**REQUIRED ACTION**
Would you print the records below word for word, without the pictures?

:::

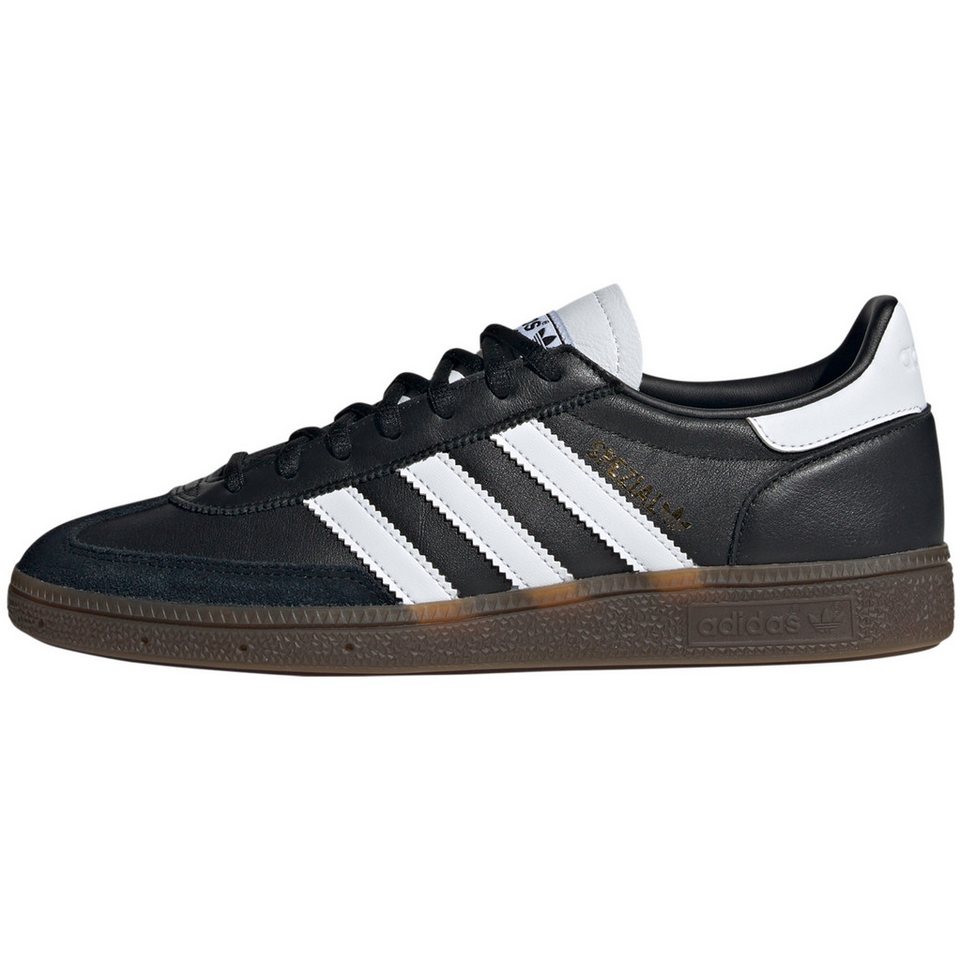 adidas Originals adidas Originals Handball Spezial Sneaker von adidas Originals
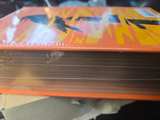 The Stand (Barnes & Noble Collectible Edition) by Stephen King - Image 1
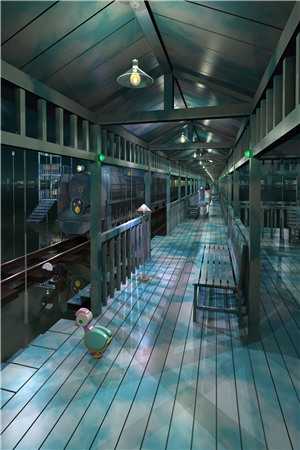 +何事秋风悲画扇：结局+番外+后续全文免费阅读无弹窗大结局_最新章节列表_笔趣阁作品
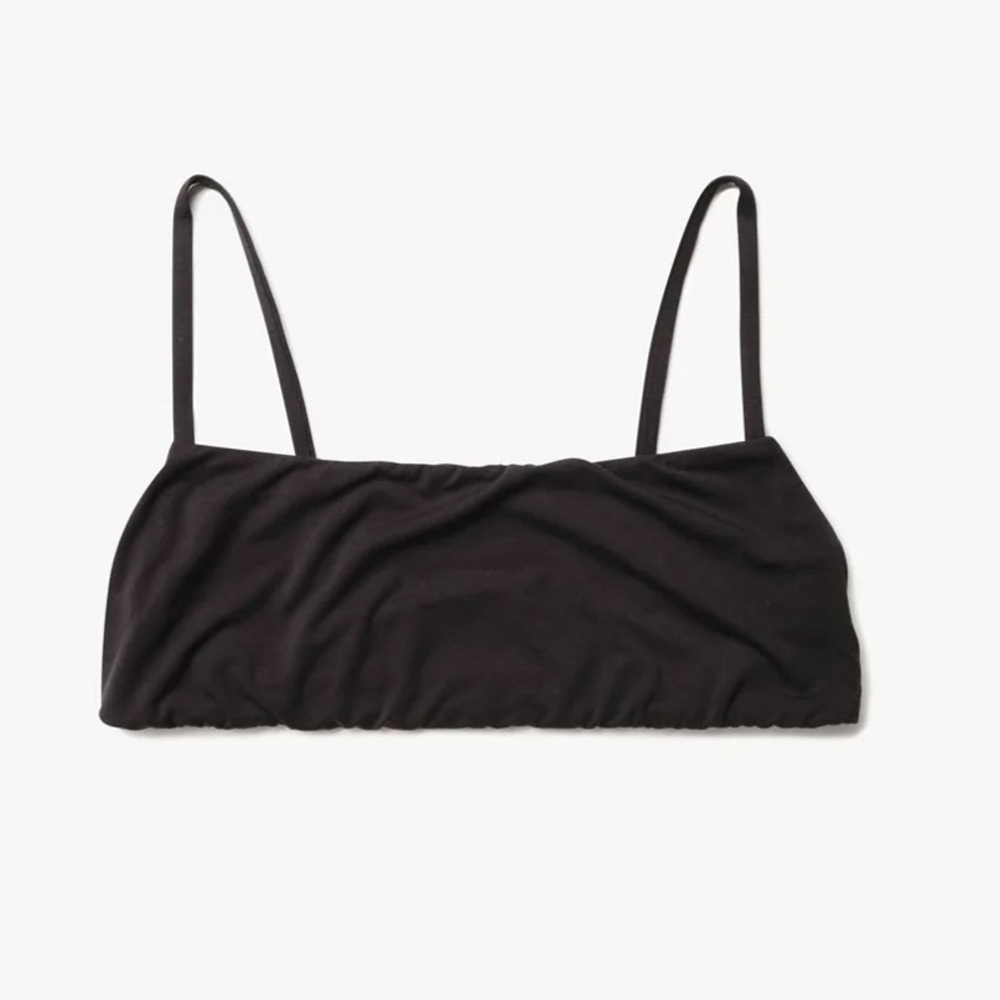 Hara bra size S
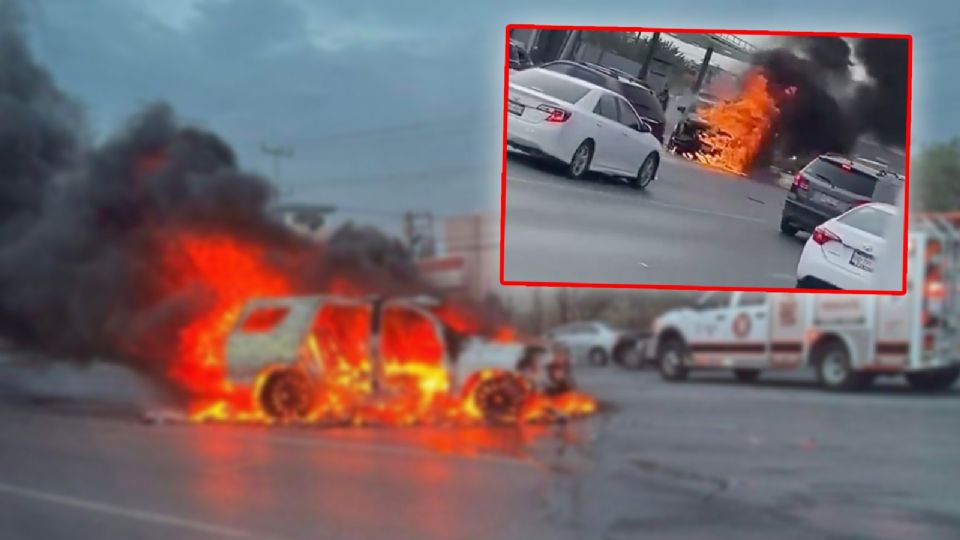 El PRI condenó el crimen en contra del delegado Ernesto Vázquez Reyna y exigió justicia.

:::

**RESULT FOR THIS TASK**
 adidas Originals adidas Originals Handball Spezial Sneaker von adidas Originals
 The Stand (Barnes & Noble Collectible Edition) by Stephen King - Image 1
 +何事秋风悲画扇：结局+番外+后续全文免费阅读无弹窗大结局_最新章节列表_笔趣阁作品
 Hara bra size S
 El PRI condenó el crimen en contra del delegado Ernesto Vázquez Reyna y exigió justicia.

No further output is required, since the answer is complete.